LGC SeraCare has developed microsatellite instability (MSI) reference materials containing the key mono- and dinucleotide biomarkers typically analyzed in molecular MSI assays – NR-21, NR-24, BAT-25, BAT-26 and MONO-27. These markers are blended at two different allele frequency levels – AF5% and AF20% - to support MSI assay LoD determinations and accurate MSI detection. These products are offered as tumor-normal matched pairs, with variants precisely quantitated by digital PCR as well as qPCR/CE against a highly characterized genomic DNA from a background WT cell line (GM24385) determined as microsatellite stable (MSS).
FEATURES AND BENEFITS
Plasmid-based spike-ins of 5 key MSI biomarkers typically analyzed in molecular assays that measure MSI in cancer patent samples
Offered as tumor-normal matched pairs per AF level
Each biomarker blended at two AF levels – 5% and 20% - to support assay LoD determinations and accurate MSI detection in patient samples
Variant AFs quantitated by ddPCR and qPCR assays
Normal background DNA is a highly characterized GM24385 human genomic DNA known to be microsatellite stable (MSS)

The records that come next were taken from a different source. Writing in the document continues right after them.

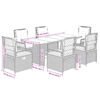 Miniatuurafbeelding van het product 8 van 11
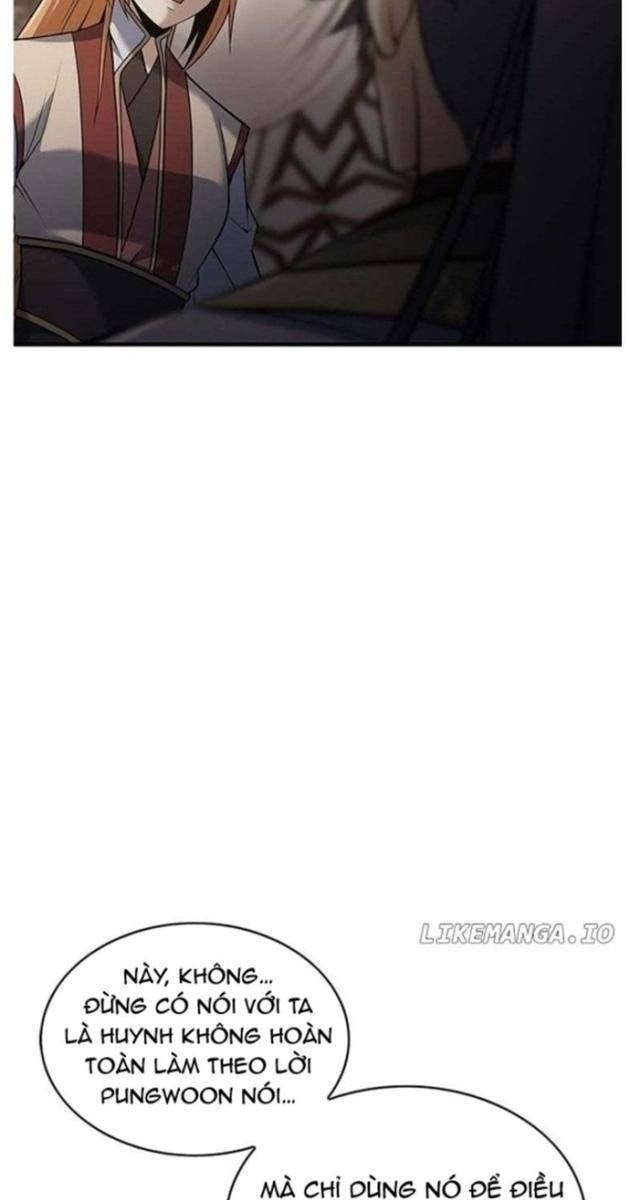 Bá Vương Chi Tinh - Page 17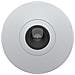 M4328-P Cupola Telecamera di sicurezza IP Interno 2992 x 2992 Pixel Soffitto /muro - Foto miniatura 4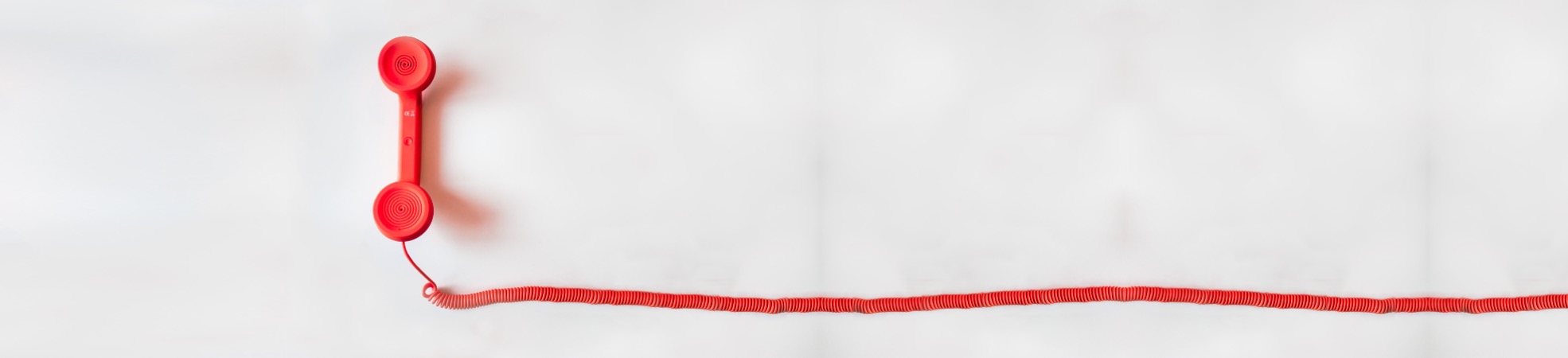 Shared Service: Fluch oder Segen?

Manufactured within cGMP compliant and ISO 13485 certified facilities
1There is ambiguity in the literature on the MONO-27 locus so two constructs are included in the product to ensure compatibility (see Bacher J, Halberg R, Kent-First M, Wood KV. “Methods and kits for detecting mutations” US Patent US20090068646A1 issued March 12, 2009; and Pino MS, Chung DC. “Application of molecular diagnostics for the detection of Lynch syndrome.” Expert review of molecular diagnostics vol. 10,5 (2010): 651-65. doi:10.1586/erm.10.45).